• Problem:
Omit the pictures and retype only the lines from the one containing "Immunofluorescence analysis of" through the end of the listing, both ends included.

• Exercise input:
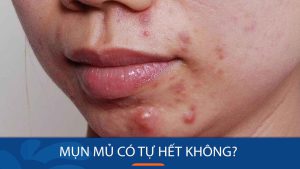 Mụn mủ có tự hết không? có cần bôi thuốc không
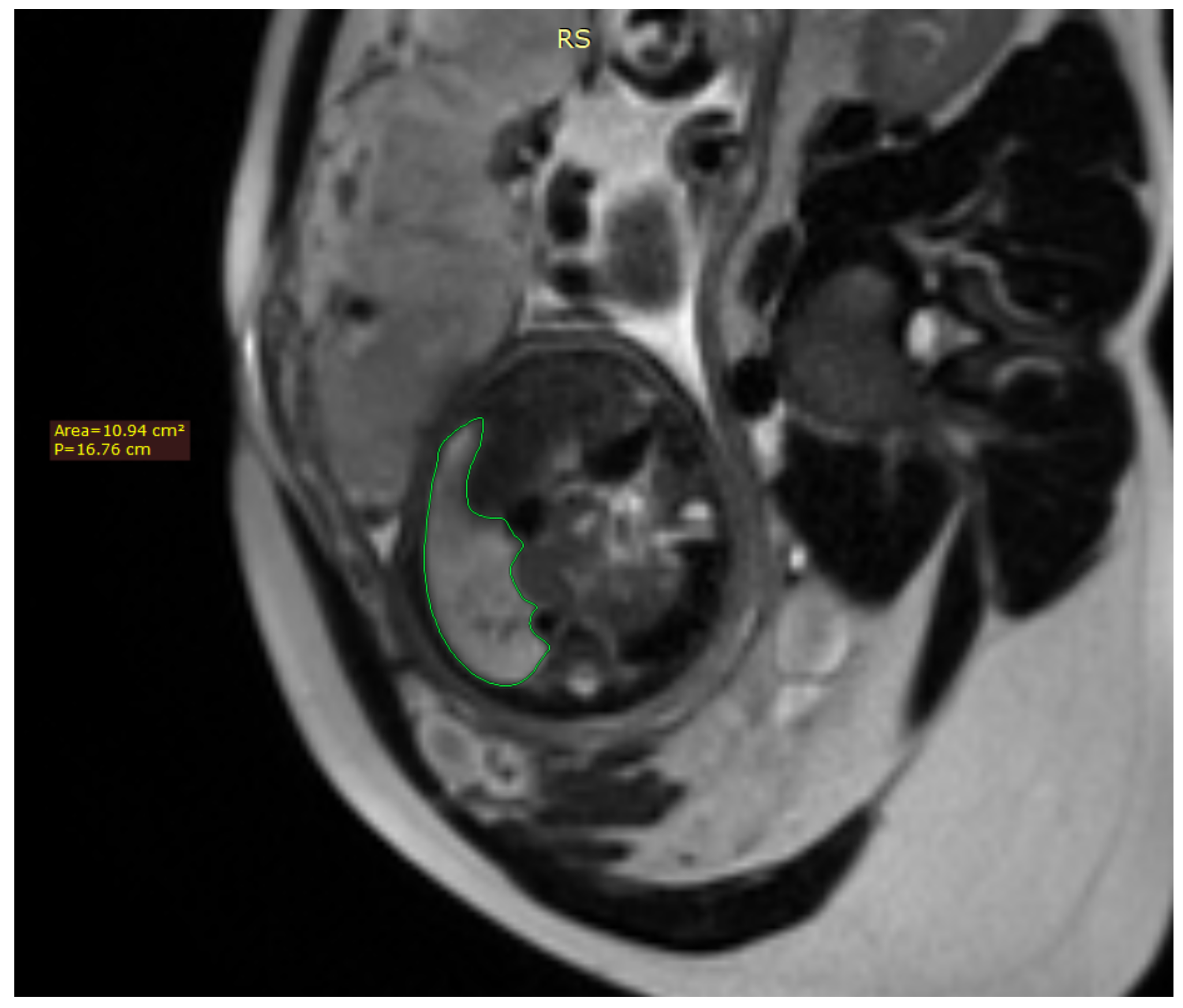 Diagnostics 12 01733 g001 550
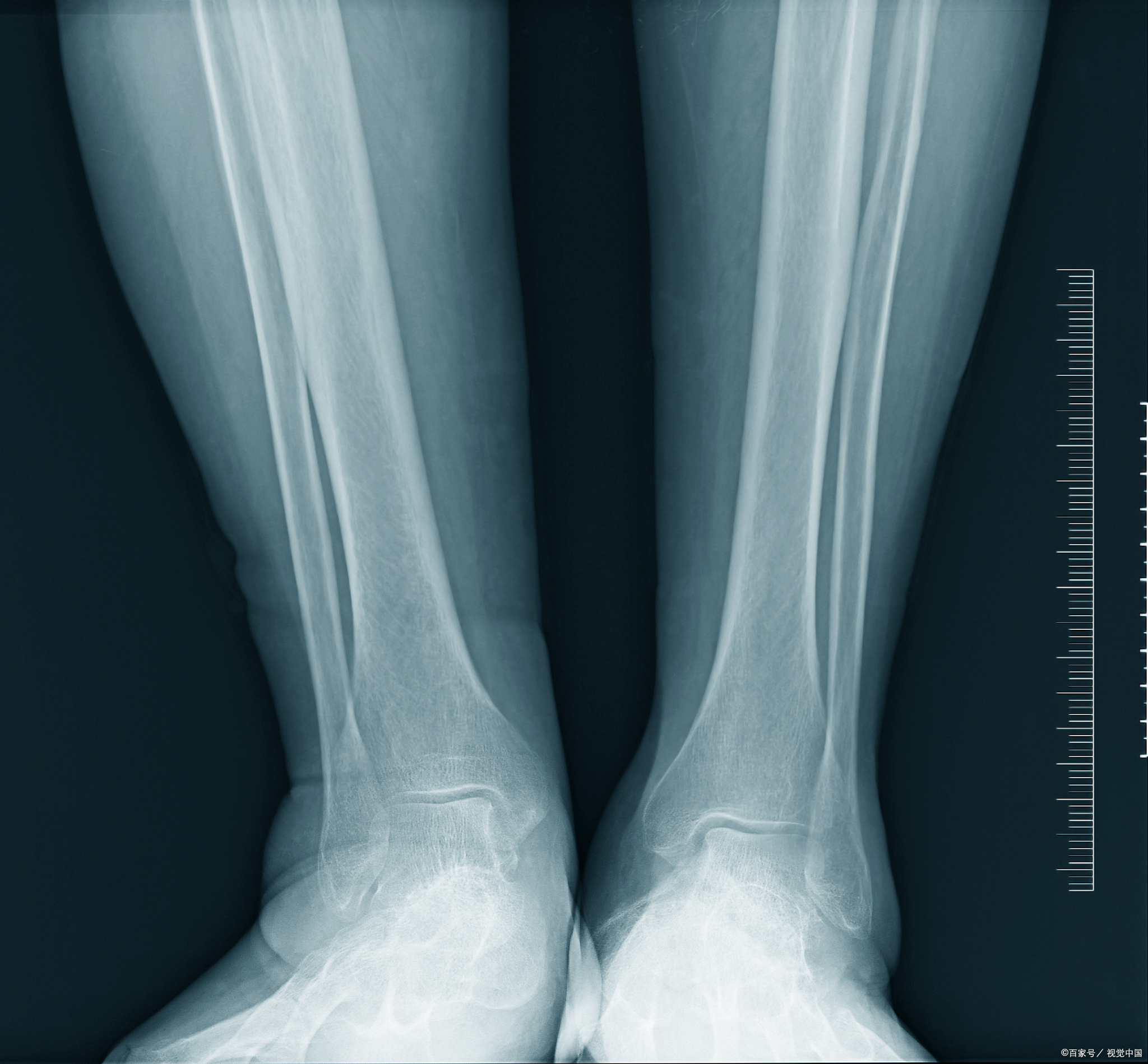 :那是一个阳光明媚的早晨,我如往常一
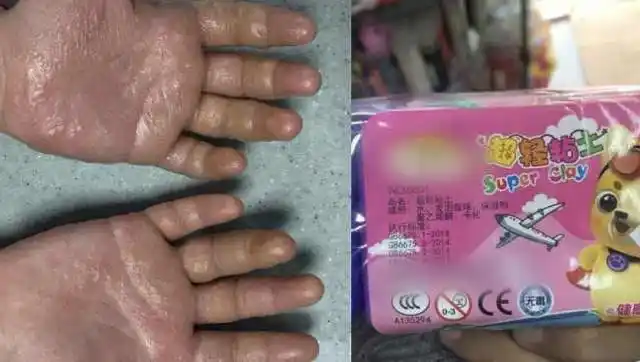 可怕10岁女童玩起泡胶过敏次日手上长满水泡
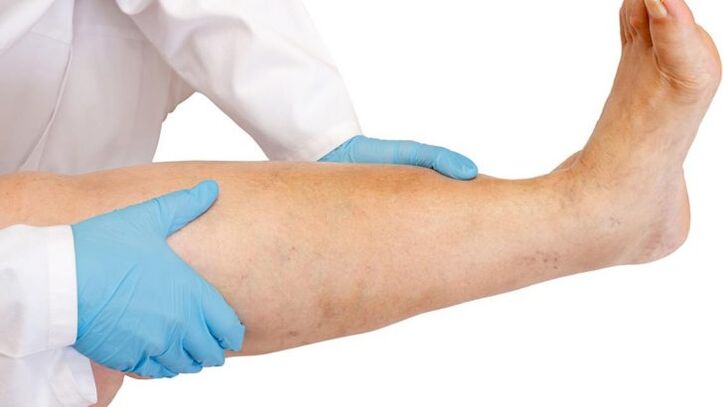 how to identify the disease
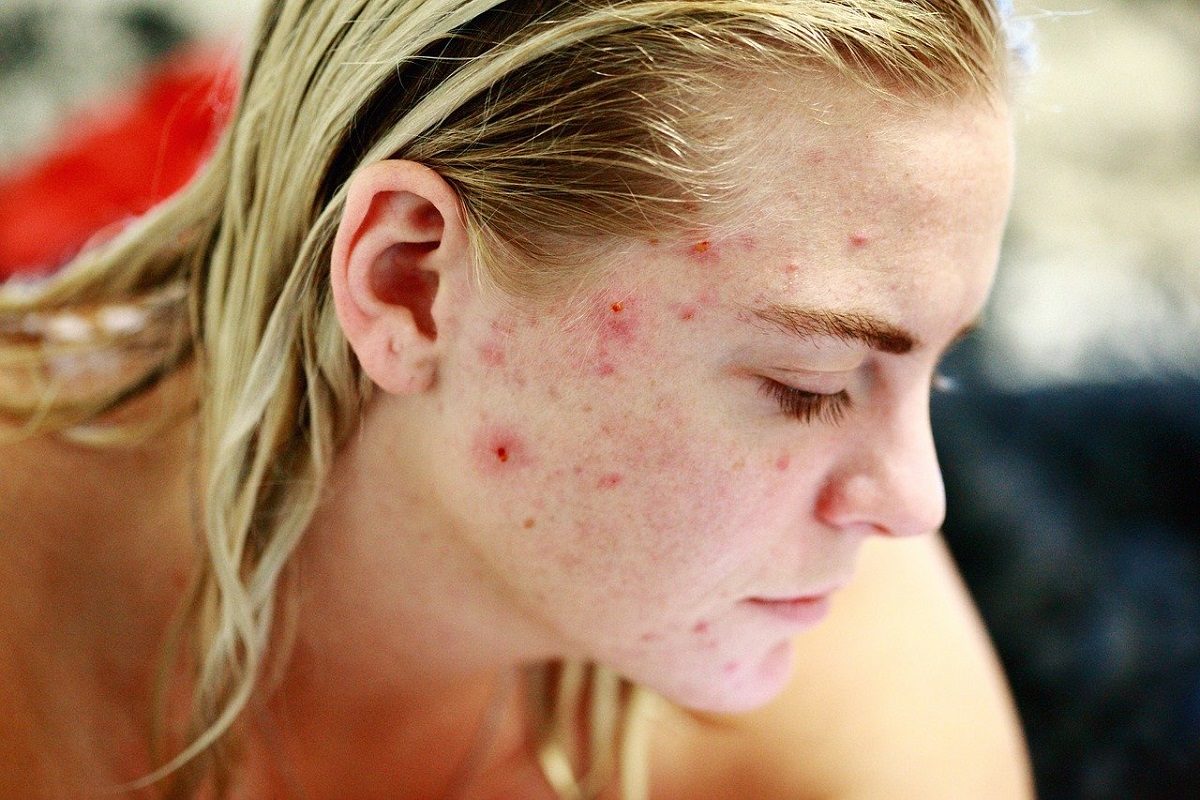 Understanding External And Internal Causes To Better Cure Acne Skin
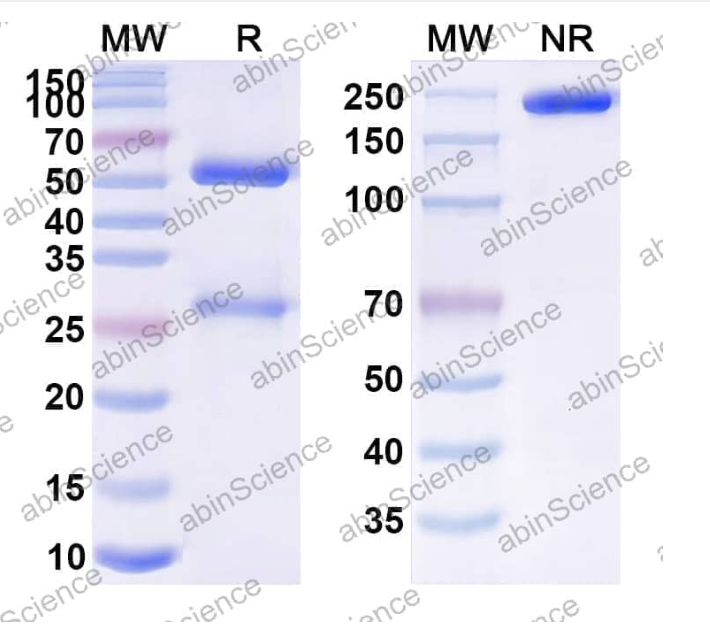 Abinscience Anti-Human APP Reference Antibody (C705, RUO) (HY235216) Abinscience Anti-Human APP Reference Antibody (C705, RUO) (HY235216)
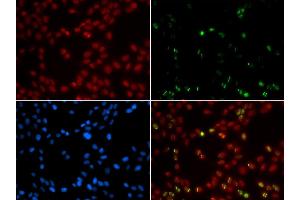 Immunofluorescence analysis of GFP-RNF168 trangenic U2OS cell using SUMO1 antibody. (SUMO1 Antikörper  (AA 1-101))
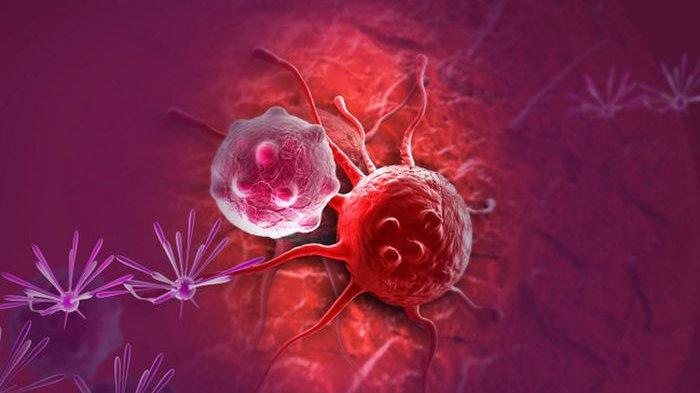 ilustrasi perbedaan kanker dan tumor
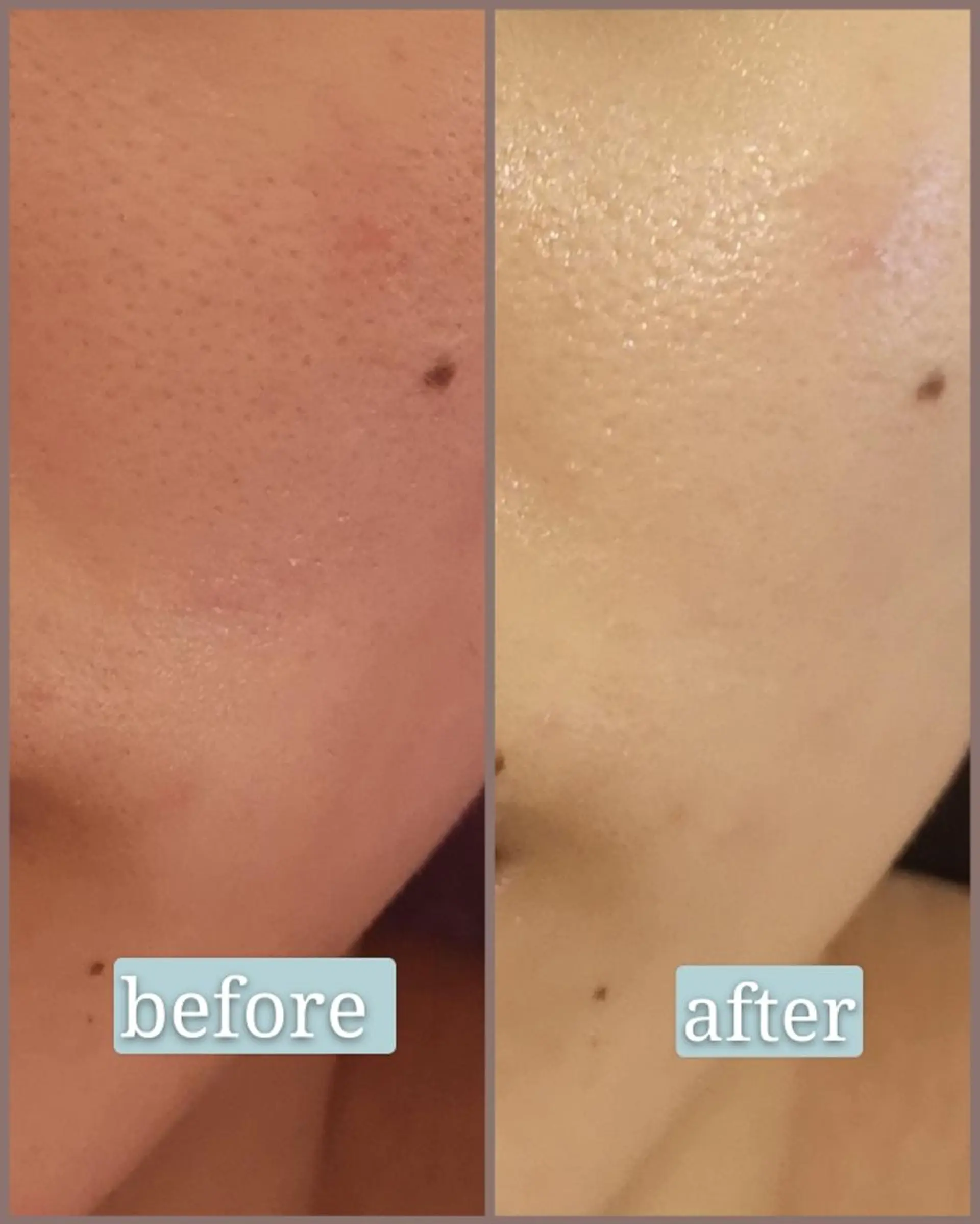 🅖🅤🅩🅔🅛 salonのエステ・リラクイメージ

• Your response:
 Immunofluorescence analysis of GFP-RNF168 trangenic U2OS cell using SUMO1 antibody. (SUMO1 Antikörper  (AA 1-101))
 ilustrasi perbedaan kanker dan tumor
 🅖🅤🅩🅔🅛 salonのエステ・リラクイメージ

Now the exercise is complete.